Gastrectomy can be used to cause weight loss, thereby reducing incidence of metabolic syndrome, major adverse cardiovascular events (MACE), and other diseases. However, less is known about these outcomes when a gastrectomy is used to treat gastric cancer.

Researchers from Seoul National University in Seongnam, Korea, used Korean National Health Insurance data of patients with gastric cancer who were treated with gastrectomy (49,578 patients) or endoscopic resection (ER; 24,789 patients). Via data from 2002 to 2020, they compared 15-year survivorship, MACE, and chronic disease incidence.

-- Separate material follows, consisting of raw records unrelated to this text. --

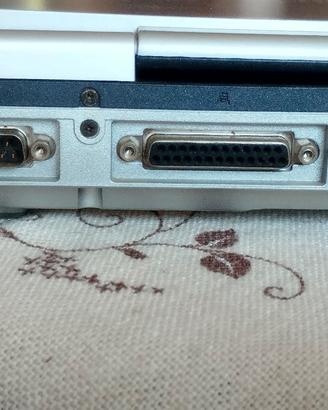 ASUS L3000D Win. XP PORTA SERIALE COM Diagnostica 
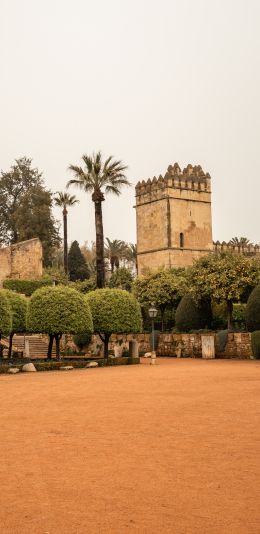 Cordoba, Spain Wallpaper 1080x2220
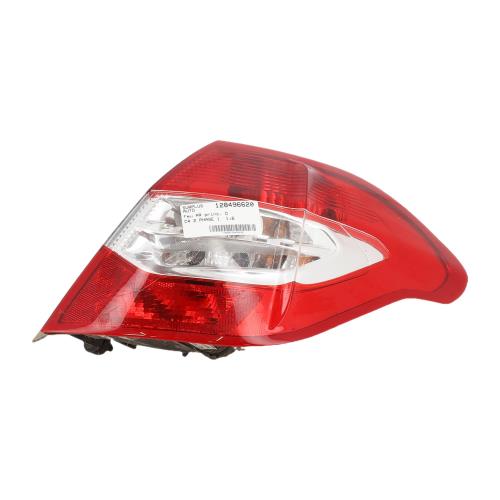 Image Feu arriere principal droit (feux) - CITROEN C4 2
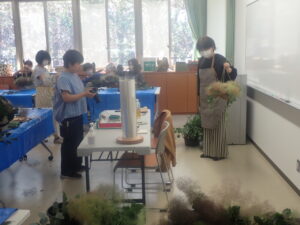 スモークツリーフライングリース講座6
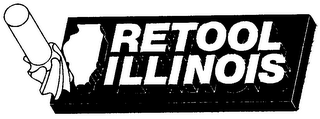 RETOOL ILLINOIS logo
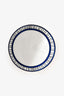 Hermès Bleus d'Ailleurs Salad Bowl Small Model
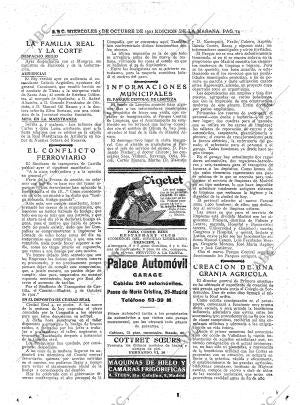 ABC MADRID 05-10-1921 página 14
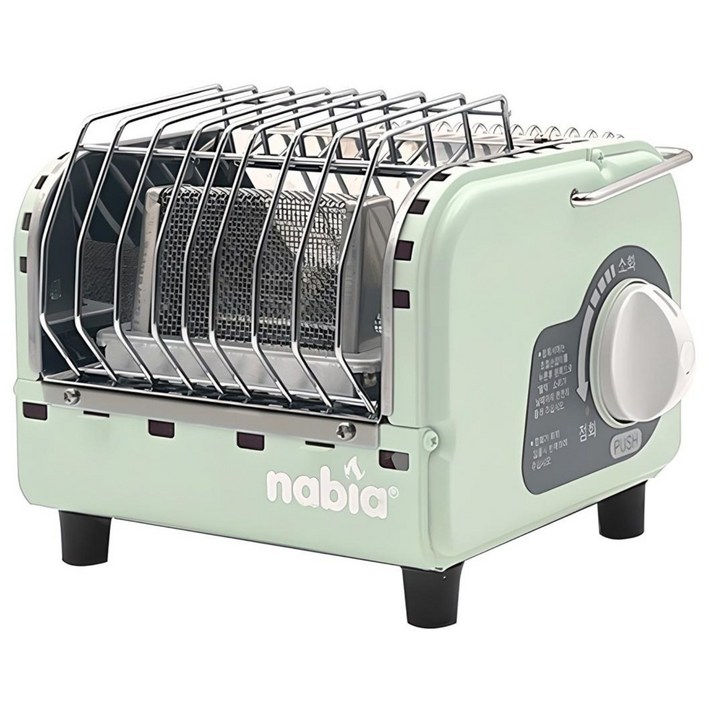 나비아 큐브 가스히터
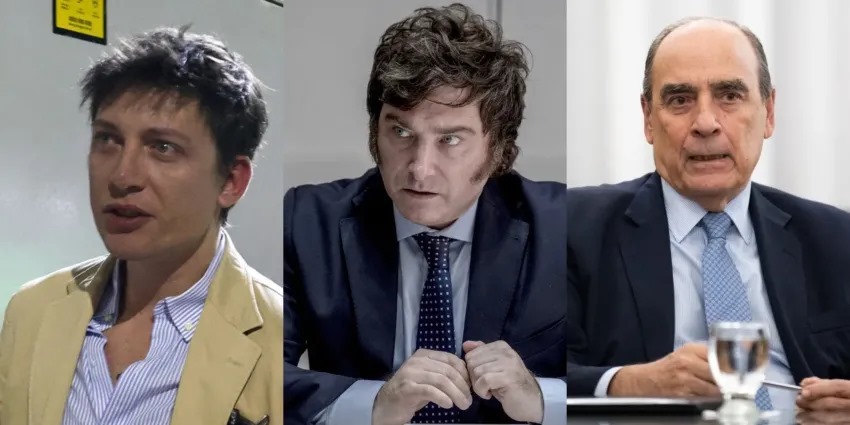 MILEI EVALÚA CAMBIOS EN EL GABINETE ENTRE FRANCOS Y CAPUTO TRAS LAS ELECCIONES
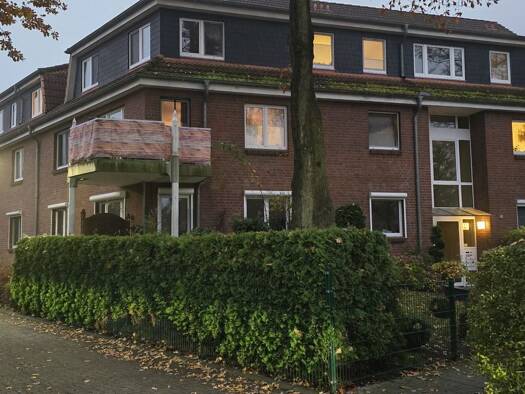 Terrassenwohnung zur Miete 950 € 2 Zimmer 82 m² Geschoss EG/3 frei ab 01.02.2026 Bad Bramstedt 24576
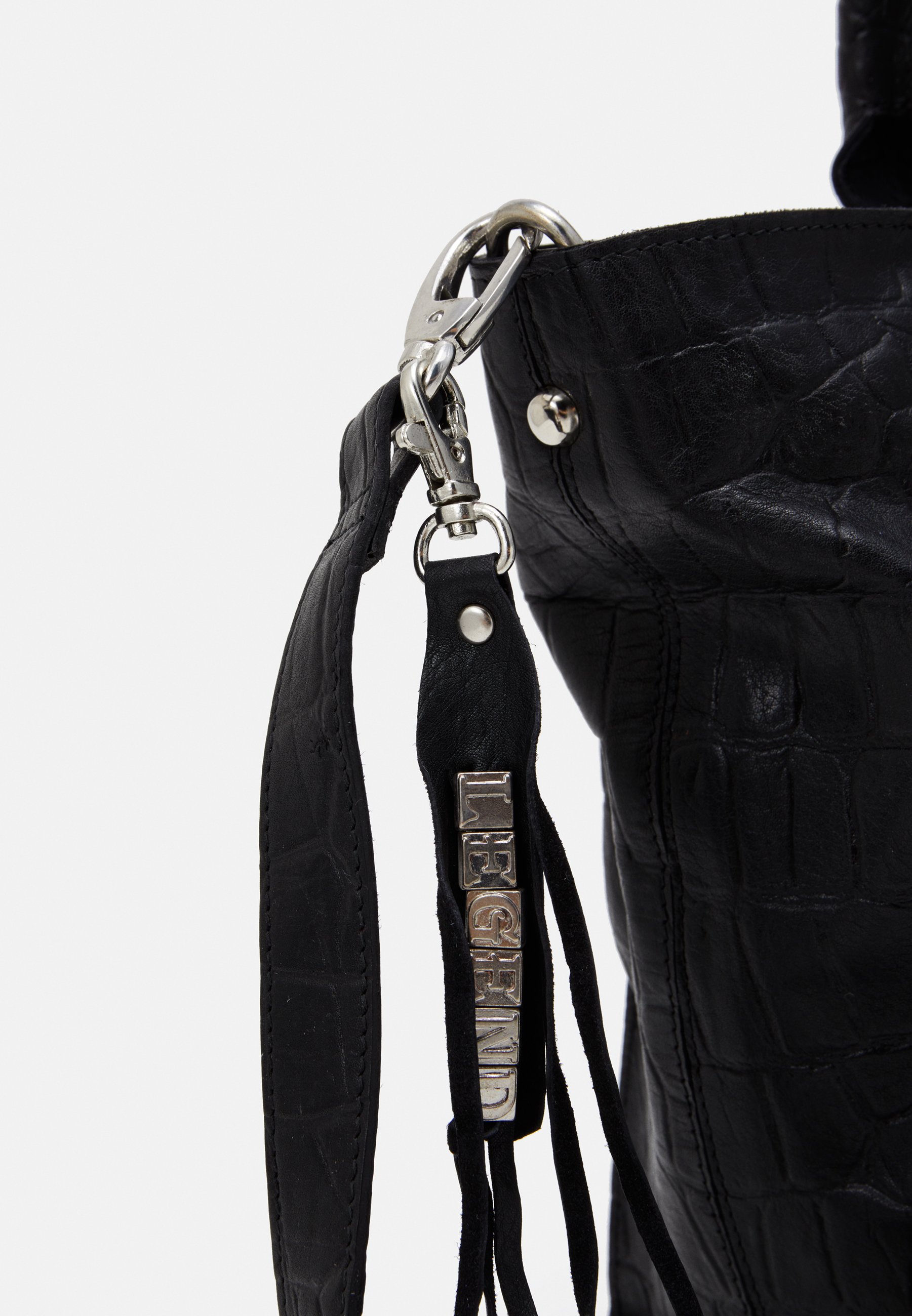 Legend BARDOT Håndveske black Zalando.no Legend BARDOT Håndveske black Zalando.no
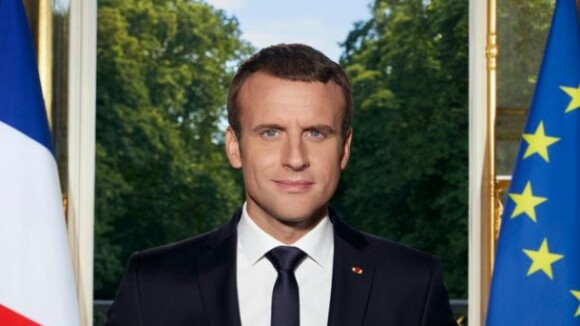 Emmanuel Macron : Le portrait officiel dévoilé !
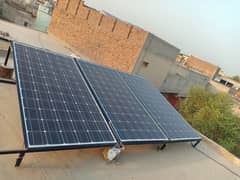 200 watt A Quality solar panals no open no repaired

For patients with overweight or normal body weight, undergoing gastrectomy rather than ER lowered the risk of developing new-onset hypertension (hazard ratio [HR], 0.53), heart failure (HR, 0.77), ischemic heart disease (HR, 0.80), and cerebrovascular disease (HR, 0.78). For underweight patients, only the risk of heart failure was reduced (HR, 0.61). For those in the overweight group, the risk of developing diabetes also declined (HR, 0.86). Analyses found the risk of MACE in the gastrectomy group was reduced by 24% relative to the ER group.

Those who underwent gastrectomy rather than ER were also less likely to develop cancers (HR, 0.82–0.90) and had lower risk of cancer mortality (HR, 0.74–0.86). However, they also had higher risk of mortality via respiratory diseases (HE, 1.62), trauma and suicide (HR, 1.38), and other causes.

The authors noted their results align with those of other studies and that a forthcoming trial will further examine onco-metabolic operation outcomes in gastric cancer patients.